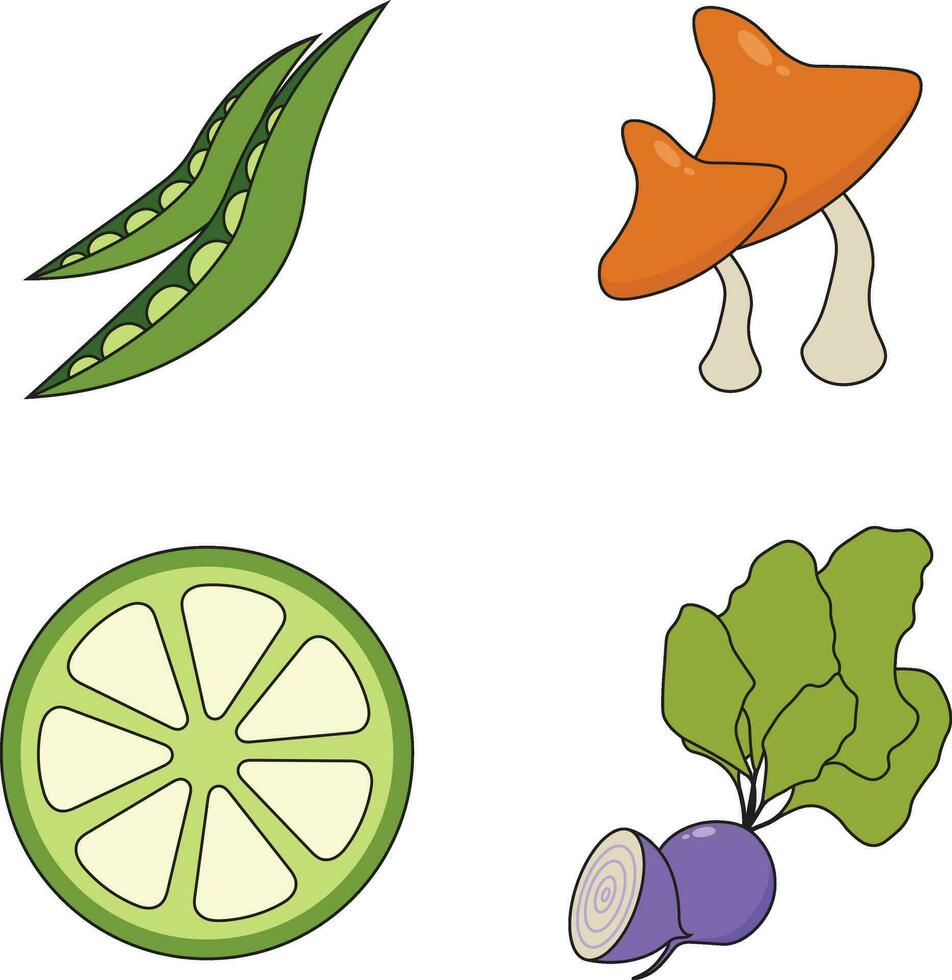 Fruits and Vegetables Icon Set. Isolated On White Background. Vector Illustration.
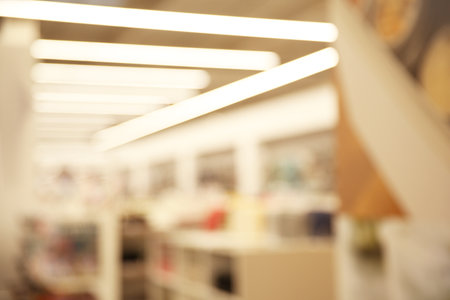 Blurred view of modern shopping mall interiorの写真素材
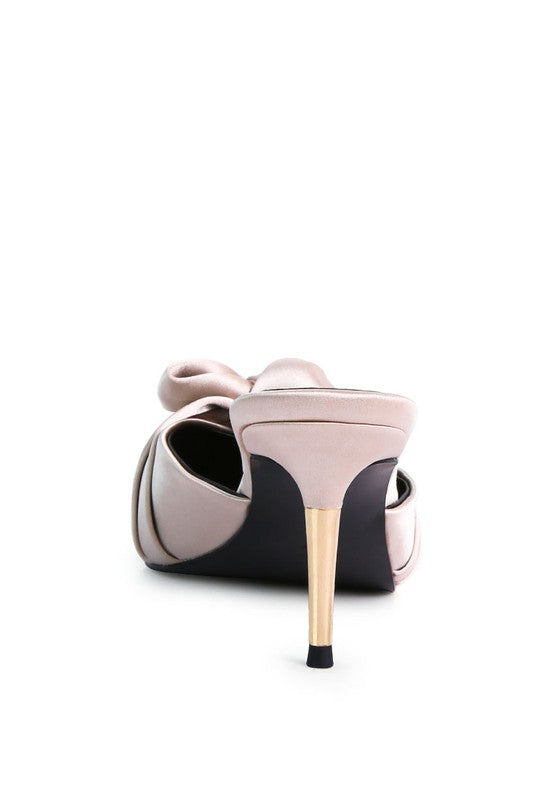 Queenie Satin Stiletto Mule Sandals - Anew Couture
==========
- TASK REQUIREMENTS:
Reproduce every line of the material above, but drop the pictures.

- SOLUTION TO THE EXERCISE:
 Fruits and Vegetables Icon Set. Isolated On White Background. Vector Illustration.
 Blurred view of modern shopping mall interiorの写真素材
 Queenie Satin Stiletto Mule Sandals - Anew Couture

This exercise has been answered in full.